DIRECTIONS – Every line that holds the word "Woods" needs to be copied from the data below.
SUPPLIED INFORMATION section start
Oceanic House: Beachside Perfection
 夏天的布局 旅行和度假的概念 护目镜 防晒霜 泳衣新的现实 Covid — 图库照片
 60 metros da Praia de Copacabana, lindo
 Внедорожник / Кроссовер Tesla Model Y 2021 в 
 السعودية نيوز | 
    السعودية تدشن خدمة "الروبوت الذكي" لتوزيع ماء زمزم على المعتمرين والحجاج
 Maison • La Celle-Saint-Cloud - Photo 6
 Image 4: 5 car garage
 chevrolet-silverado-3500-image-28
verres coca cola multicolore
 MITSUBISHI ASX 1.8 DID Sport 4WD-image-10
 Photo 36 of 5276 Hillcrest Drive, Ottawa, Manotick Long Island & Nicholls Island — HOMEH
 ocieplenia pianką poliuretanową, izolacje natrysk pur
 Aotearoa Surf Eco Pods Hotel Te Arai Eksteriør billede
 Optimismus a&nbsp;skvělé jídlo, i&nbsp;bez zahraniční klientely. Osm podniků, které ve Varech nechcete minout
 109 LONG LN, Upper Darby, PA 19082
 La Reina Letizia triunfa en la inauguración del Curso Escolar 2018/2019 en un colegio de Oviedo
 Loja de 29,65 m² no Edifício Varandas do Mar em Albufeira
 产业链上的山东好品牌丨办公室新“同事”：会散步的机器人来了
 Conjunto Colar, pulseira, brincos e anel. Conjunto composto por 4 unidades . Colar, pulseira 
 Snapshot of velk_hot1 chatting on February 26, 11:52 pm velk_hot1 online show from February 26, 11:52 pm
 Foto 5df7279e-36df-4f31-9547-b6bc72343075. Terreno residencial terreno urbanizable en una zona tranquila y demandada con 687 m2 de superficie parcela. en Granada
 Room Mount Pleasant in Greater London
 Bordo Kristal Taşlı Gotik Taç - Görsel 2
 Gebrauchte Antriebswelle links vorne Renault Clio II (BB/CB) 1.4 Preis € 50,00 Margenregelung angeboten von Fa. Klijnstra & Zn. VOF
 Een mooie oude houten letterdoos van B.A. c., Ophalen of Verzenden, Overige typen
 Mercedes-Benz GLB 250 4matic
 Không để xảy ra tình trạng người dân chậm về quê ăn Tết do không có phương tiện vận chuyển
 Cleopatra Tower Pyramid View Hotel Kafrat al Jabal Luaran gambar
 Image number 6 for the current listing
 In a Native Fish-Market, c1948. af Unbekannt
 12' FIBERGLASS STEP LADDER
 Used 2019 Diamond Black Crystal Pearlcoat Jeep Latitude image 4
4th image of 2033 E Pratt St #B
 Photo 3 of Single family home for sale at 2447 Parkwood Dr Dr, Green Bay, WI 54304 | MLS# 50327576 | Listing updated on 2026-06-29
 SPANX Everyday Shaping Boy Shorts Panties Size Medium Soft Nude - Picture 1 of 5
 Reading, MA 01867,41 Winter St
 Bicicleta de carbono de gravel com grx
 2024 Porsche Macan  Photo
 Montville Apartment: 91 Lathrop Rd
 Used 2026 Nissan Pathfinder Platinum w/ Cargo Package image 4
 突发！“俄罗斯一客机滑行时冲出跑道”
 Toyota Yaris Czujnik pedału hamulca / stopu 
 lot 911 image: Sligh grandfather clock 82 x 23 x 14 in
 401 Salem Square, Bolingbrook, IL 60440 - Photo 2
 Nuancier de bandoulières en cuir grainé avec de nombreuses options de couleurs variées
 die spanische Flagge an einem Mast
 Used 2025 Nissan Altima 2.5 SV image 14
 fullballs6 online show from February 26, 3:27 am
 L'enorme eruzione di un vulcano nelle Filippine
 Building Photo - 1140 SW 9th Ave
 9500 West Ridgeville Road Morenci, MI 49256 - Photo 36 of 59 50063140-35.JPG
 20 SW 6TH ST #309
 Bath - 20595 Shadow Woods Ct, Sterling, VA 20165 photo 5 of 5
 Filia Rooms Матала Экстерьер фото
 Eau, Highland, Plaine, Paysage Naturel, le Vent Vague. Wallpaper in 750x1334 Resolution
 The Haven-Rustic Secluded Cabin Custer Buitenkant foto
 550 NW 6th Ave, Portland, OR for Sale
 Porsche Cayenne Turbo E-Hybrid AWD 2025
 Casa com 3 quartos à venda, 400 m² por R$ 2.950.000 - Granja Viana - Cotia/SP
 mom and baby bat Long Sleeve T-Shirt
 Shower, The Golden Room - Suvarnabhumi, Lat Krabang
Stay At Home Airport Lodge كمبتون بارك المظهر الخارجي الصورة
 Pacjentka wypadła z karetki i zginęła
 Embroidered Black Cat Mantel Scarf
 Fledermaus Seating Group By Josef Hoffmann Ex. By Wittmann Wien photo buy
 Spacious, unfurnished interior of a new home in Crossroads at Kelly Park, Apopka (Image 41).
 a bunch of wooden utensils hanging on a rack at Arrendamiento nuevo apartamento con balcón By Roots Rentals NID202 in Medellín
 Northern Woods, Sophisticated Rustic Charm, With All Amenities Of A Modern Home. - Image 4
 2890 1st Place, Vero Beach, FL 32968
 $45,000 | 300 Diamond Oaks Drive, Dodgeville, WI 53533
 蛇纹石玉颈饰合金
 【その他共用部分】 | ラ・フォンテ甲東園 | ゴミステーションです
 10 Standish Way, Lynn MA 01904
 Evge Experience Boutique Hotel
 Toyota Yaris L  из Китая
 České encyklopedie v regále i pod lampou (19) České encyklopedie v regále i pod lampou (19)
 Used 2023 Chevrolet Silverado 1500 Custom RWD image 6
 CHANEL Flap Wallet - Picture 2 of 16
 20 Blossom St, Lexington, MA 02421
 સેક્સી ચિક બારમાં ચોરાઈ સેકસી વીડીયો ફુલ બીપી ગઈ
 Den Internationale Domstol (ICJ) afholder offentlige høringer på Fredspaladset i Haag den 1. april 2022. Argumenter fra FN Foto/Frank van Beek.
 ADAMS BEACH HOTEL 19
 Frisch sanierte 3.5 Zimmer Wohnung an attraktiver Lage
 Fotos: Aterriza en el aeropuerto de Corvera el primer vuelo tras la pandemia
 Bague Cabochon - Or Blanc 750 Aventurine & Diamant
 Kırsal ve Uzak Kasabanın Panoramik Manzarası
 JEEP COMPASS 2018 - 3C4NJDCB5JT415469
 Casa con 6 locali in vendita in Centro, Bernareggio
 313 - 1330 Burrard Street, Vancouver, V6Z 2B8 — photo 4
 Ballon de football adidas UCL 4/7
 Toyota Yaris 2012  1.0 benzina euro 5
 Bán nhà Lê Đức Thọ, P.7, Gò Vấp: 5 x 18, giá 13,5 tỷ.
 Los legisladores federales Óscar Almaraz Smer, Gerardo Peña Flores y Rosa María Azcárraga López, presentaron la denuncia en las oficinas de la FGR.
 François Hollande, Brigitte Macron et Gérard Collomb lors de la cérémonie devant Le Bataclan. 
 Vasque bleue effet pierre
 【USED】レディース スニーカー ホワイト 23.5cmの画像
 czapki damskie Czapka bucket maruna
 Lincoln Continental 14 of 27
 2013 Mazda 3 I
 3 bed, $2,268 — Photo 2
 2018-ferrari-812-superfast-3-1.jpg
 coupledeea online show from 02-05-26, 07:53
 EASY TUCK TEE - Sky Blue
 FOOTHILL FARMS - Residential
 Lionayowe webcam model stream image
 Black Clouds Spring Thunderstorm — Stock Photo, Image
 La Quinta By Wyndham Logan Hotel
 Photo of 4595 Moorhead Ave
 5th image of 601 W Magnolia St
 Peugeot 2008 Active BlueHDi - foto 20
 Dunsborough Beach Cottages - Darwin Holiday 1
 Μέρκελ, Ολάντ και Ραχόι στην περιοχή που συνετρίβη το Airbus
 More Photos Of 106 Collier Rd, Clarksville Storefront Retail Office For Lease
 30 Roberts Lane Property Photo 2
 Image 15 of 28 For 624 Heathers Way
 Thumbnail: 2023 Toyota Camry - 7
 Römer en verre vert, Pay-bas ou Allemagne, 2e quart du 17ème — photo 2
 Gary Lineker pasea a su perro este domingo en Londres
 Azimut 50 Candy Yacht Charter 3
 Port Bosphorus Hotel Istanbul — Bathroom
SUPPLIED INFORMATION section end
SOLUTION TO THIS PROBLEM –
 Bath - 20595 Shadow Woods Ct, Sterling, VA 20165 photo 5 of 5
 Northern Woods, Sophisticated Rustic Charm, With All Amenities Of A Modern Home. - Image 4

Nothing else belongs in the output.